March 2, 2022 | 4 minute readOf all the traditional organizational practices, accounting is maybe the most rigid and top-down. Meaning it doesn’t generally vibe well with DAOs. But DAOs need accounting practices and they need them ASAP. Luckily a system exists that is perfect for DAOs - maybe even better for DAOs than traditional organizations: Responsibility Accounting.
If you google Responsibility Accounting, you’re going to find a bunch of complex systems, specialized software, and articles filled with accounting jargon that may or may not make sense.
Ignore all of that.
At it’s core, Responsibility Accounting is this:
Every line item – every profit, expense, or investment – has an individual who is responsible for it.
There are two reasons why this is important:
- It’s transparent and measurable
- It incentivizes effectiveness
Transparency
When a budget is created, it should be tied to a set of KPIs. Those KPIs need not necessarily be financial, but the goal is to calculate the “return on investment” of that budget.
Krause House recently passed a proposal that funds two members to moderate and hype a channel in their discord. The goal: to make it the go-to place for banter during an NBA game. The metrics: number of original posts (not posted by the two moderators) per day. One of the incredible and still under-leveraged things about DAOs is that everything is transparent including, in this case, the number of times the moderators post and the number of original posts per day (the key metric).
This sort of accounting is even more transparent when it goes on-chain. A product team could easily create a set of Dune dashboards that track their spending (i.e. paying out bounties) and tie that to their user acquisition (new wallets signing a transaction with an authentication token).

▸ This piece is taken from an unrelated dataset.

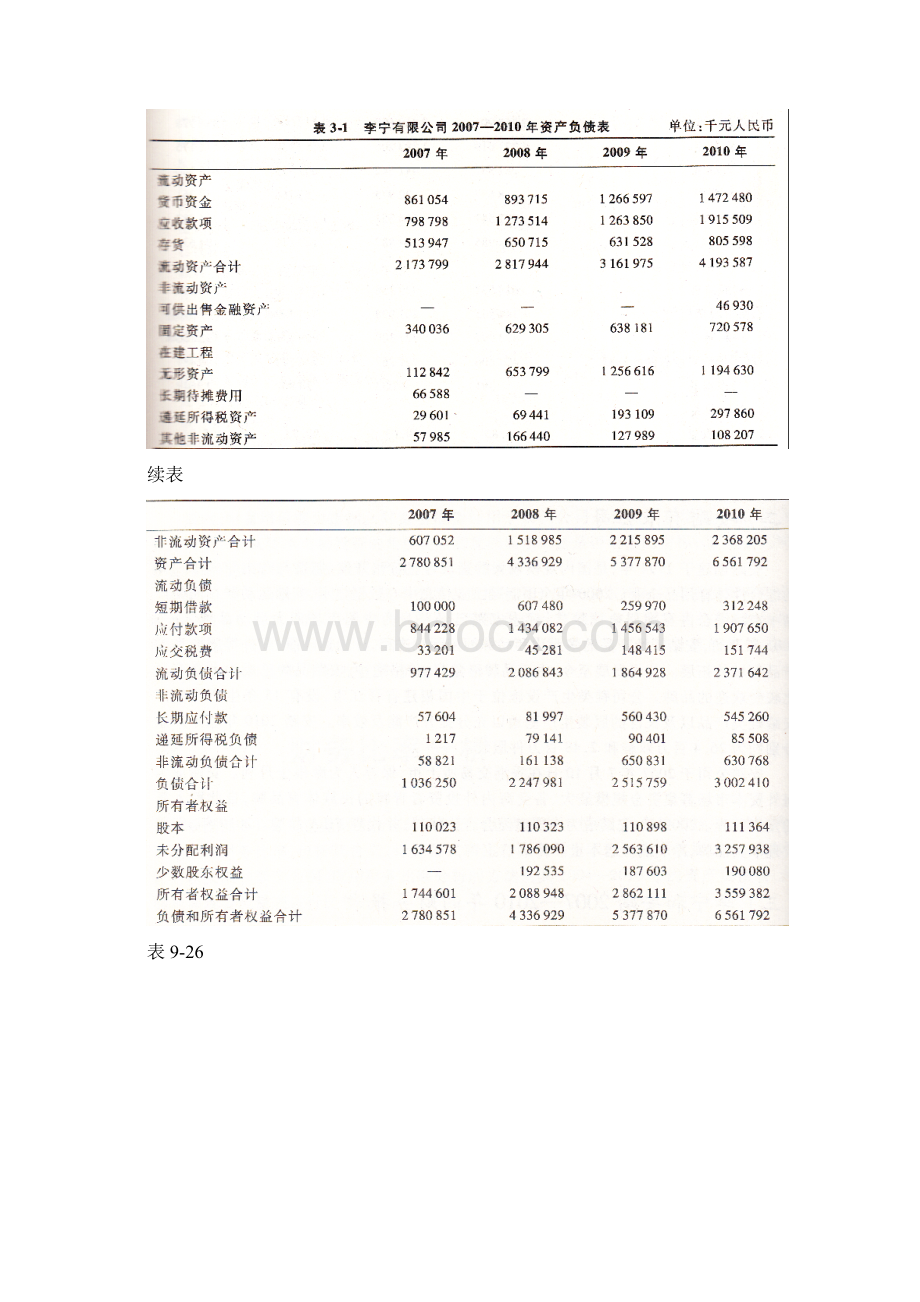 李宁财务报表分析.docx_第2页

It’s impossible to hide how tokens are moving on mainnet. So at the end of a term, you either reached your goal or you didn’t. The accounting is transparent which means it is easily auditable by the community.
Effectiveness
The purpose of Responsibility Accounting is to calculate the return on investment at the most local level possible. Given a set of resources (i.e. two people months and $300 USDC), what is the most expedient way to achieve the goal (make the #nba-banter channel a common destination for in-game banter).

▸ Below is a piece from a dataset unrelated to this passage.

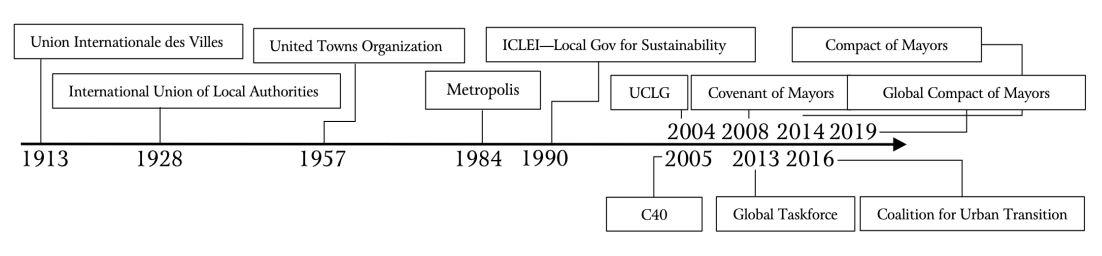 Figure 1: City Networks 1913 to Present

It is now up to the team to decide the most effective way to achieve that goal. The decision is local. And they’re incentivized to achieve the goal as effectively as possible to improve their effective hourly rate.
Pushing decision making to the most local level possible is a key component of success for DAOs. Calculating the ROI at the most local level possible too makes these small groups accountable to the rest of the DAO.

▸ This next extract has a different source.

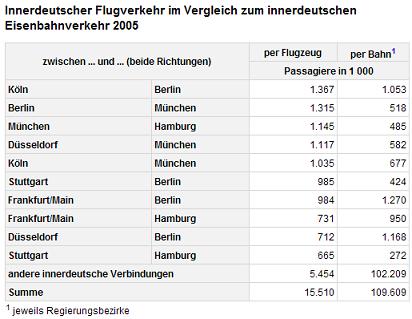 flugeisen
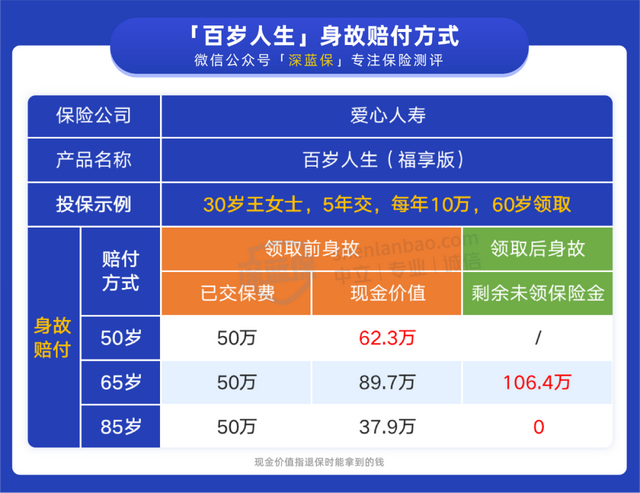 余额宝多少钱才有收益（余额宝收益越来越低）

How to Implement Responsibility Accounting
Creating a Budget
First, a budget is allocated.
I love the way Krause House handles this, where community members are able to submit proposals to a vote based on the needs they see and projects they want to take on.
We’ve adopted something similar at Cabin. The City Council decides on top-level goals and a budget for a season. Then any individual or team can propose a quest that helps move the organization closer to those goals.
Pet3rpan also recently outlined a good approach whereby subDAOs are formed and funded every three months. Their KPIs are reviewed every three months after operating and their subsequent budgets are approved based on their performance.
Regardless of the path your DAO follows, a budget should be allocated, tied to a set of metrics, and a person or team made responsible for it.
Measuring
It’s not enough to set metrics. They have to be tracked and ideally they are reported autonomously (as opposed to self-reported).
Over the lifecycle of a budget you want to measure:
- The current state (so that you can later calculate the ROI)
- Progress and improvement
- The end result
How you do this will depend a lot on what the goal is. And the goal doesn’t have to be (nor should it necessarily be) financial. That’s a bad vibe when we’re talking about a community. The Krause House proposal is a great example: they’re calculating the number of posts per day in a channel as a proxy for engagement.
Reviewing
The budget should conclude with some sort of review period where the performance of the team is shared back with the rest of the group, perhaps in a town hall. This is where your DAO’s culture becomes more important than your accounting.
Someone either hit their KPIs or they didn’t. What happens next depends a whole lot on how your DAO views these metrics and the act of hitting them. Some teams intentionally set very ambitious goals with the expectation that they will most likely fail to meet them. Others set more measurable objectives with the intention they should at least be met, but ideally exceeded. This is a call you and your DAO get to make.
The important part here is that you review the performance, calculate the ROI, and over-communicate the results.
My take is that all data is useful data. If someone did hit their KPIs then you got what you wanted (i.e. the goal itself), but that’s not all the data you have: you also got an insight into how to get what you want (i.e. how the goal was achieved). Both of these factor into a team’s performance.
Concluding Thoughts
A key component of DAOs is that decision making and execution gets pushed to the people closest to the problem, with hard and soft accountability tools to ensure they’re being a good steward:
Responsibility Accounting is one such hard accountability measure. A project is created and decentralized to an individual or small group that is then responsible to the rest of the organization for their return on investment.
Whether a goal is met or not, there should be a collective effort to mine the experience for everything you can. By doing this, your DAO can build up your own pattern language for decentralized execution.